NEW YORK |
NEW YORK (Reuters) – Stocks rose on Tuesday, led by recently beaten down financial shares, after data showed the economy’s services sector grew slightly faster than expected in May.
The pace of growth in the services sector picked up in May as a gauge of new orders improved, according to an industry report released on Tuesday. The Institute for Supply Management’s services index edged up to 53.7 from 53.5 in April, a touch above economists’ forecasts for it to hold steady.
“The (equities) market is very fearful of the economic data. Even if it was in line with expectations there’s a sigh of relief from many that it wasn’t worse,” said Peter Boockvar, equity strategist at Miller Tabak & Co in New York.
“Europe’s obviously a concern, but we’ve been selling off for weeks on that. A slightly better than expected services number, which makes up the majority of the economy, is a sigh of relief in the face of a lot of bearishness.”
Traders struggled, however, to interpret statements on the outcome of emergency talks among the Group of Seven industrialized nations as they tackle a deepening euro zone crisis.

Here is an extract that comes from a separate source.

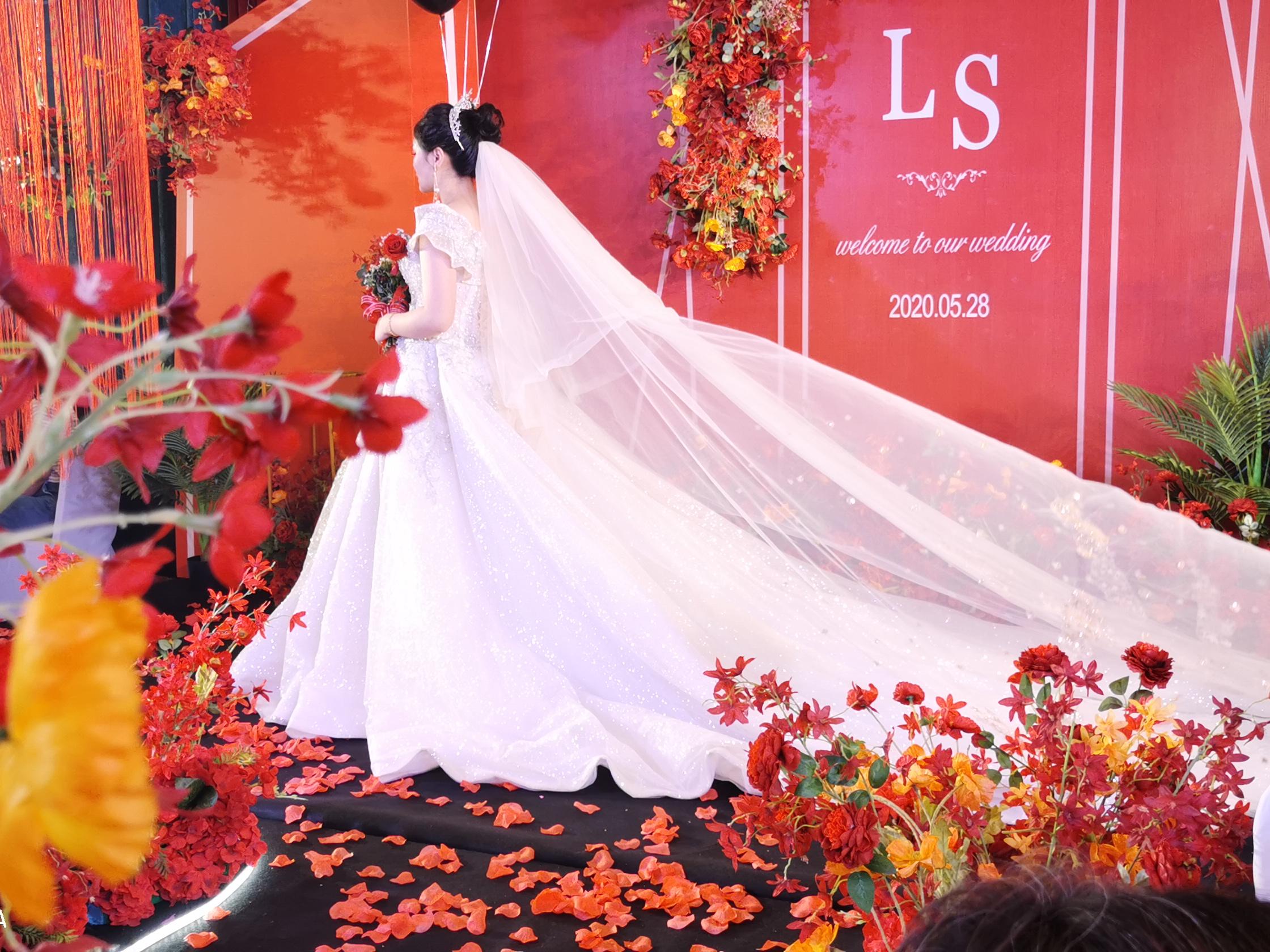 【热卖推荐】首席档全程新娘跟妆3妆3造+妈妈妆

The Treasury Department said G7 finance ministers “reviewed developments in the global economy and financial markets and the policy response under consideration.”
Japan’s Finance Minister said he told G7 members that Japan is confident in Europe’s response to its problems.
The Dow Jones industrial average .DJI rose 32.70 points, or 0.27 percent, to 12,134.16. The S&P 500 Index .SPX gained 6.83 points, or 0.53 percent, to 1,285.01. The Nasdaq Composite .IXIC added 17.47 points, or 0.63 percent, to 2,777.48.
In the euro zone, most major economies are now in various states of decline, according to business surveys that suggested even Germany is no longer immune to the crisis.
The S&P 500 was flat for the day on Monday, after a steep decline last week, as investors weighed low prices against the backdrop of Europe struggling with debt and stalling economies.
“Valuations are extremely attractive, dividend yields compared to Treasuries are at (multi-year) highs, but the global macro overhang can certainly create another down step in the short term,” said Oliver Pursche, president at Gary Goldberg Financial Services in Suffern, New York.
The S&P financial sector .GSPF rose 1.5 percent to lead gains. The sector is down more than 12 percent since the start of May.
Dollar General Corp (DG.N) shares dropped 2.7 percent to $47.19 after the company said key shareholders plan to sell up to 25 million shares.